Outsourcing Reversal
I do believe we may have reached peak employment, as discussed in the comments here recently, and as my partner Albert has been discussing on his blog over the past several months. Any serious and intellectually honest jobs agenda must deal with that reality.
But I also believe stagnating wages here in the US vs escalating wages around the world presents an opportunity for the US that we are not, as yet, doing much with. This was in the WSJ today (or maybe yesterday):
While wage costs in the U.S. have been about flat in recent years, they have been rising 20% a year in China, a trend Mr. McNamara expects to continue for at least five years. He said labor costs for Flextronics rose about 30% last year in Malaysia and 40% in Indonesia.
The WSJ post was about high tech manufacturing but I think the same is true of outsourcing of back office, customer support, and programming jobs to India and elsewhere.
There are parts of the industrialized midwest, like Detroit, Cleveland, and Buffalo, where you have well educated workforces stuck in regions where housing prices have declined for more than a decade and wages have declined as well, where jobless rates are at catastrophic levels. A house that would cost $500,000 in the NY metro area can be had for less than $100,000 in these regions.
This is both a problem and an opportunity. It is time to bring these jobs back that we have moved elsewhere. Although I have not done any sort of analysis here, I would be shocked if one could not make a strong cost based economic argument to do so.

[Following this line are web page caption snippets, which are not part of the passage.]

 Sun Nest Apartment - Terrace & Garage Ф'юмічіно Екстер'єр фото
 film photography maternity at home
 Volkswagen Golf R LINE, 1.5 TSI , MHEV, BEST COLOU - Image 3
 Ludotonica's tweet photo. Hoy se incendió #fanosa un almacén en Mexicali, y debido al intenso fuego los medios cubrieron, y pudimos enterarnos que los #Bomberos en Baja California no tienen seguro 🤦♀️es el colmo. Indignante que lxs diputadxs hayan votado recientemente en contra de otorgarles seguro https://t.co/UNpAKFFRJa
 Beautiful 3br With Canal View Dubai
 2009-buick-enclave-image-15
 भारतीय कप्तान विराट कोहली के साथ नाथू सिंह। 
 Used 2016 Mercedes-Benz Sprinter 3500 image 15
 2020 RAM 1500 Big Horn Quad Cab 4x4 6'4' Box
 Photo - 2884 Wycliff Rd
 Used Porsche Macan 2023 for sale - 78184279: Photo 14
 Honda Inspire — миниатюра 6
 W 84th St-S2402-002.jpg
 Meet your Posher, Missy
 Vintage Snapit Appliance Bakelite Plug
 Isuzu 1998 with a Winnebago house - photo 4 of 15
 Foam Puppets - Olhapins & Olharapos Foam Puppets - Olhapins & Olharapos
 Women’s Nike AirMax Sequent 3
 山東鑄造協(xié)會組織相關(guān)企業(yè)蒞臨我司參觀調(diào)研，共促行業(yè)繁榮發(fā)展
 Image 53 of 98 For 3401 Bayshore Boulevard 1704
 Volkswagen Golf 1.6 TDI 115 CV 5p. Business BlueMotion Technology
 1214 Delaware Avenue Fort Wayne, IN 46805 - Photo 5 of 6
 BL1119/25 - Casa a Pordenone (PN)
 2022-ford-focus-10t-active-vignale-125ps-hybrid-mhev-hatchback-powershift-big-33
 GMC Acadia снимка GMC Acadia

I am certain that there are plenty of reasons why it is not happening, or happening at scale. Clearly there are a bunch of one time costs, for facilities, for job training, for other stuff. And then there are the regulatory burdens that we in the US throw at our job creators. Again, from the WSJ post:
The difference in labor costs is narrowing and local officials in America have been giving more financial incentives to companies setting up plants in the U.S., Mike McNamara, chief executive of Flextronics, said in an interview Friday. Mr. McNamara said he could even imagine some smartphones being made in the U.S. eventually. But he cautioned that the return of manufacturing to the U.S. is likely to be a "slow and evolving process" rather than a flood. Many obstacles remain, including relatively high U.S. taxes, health-care expenses and regulatory costs, he said.
If jobs is our number one economic issue in the US (I believe it is), then policy makers at the federal, state, and local levels need to be all over this stuff. We can reverse the outsourcing & offshoring trends of the past thirty years. The era of gloabal wage arbitrage is over or will soon be over. But we need to make a bunch of smart investments and we need to make them now.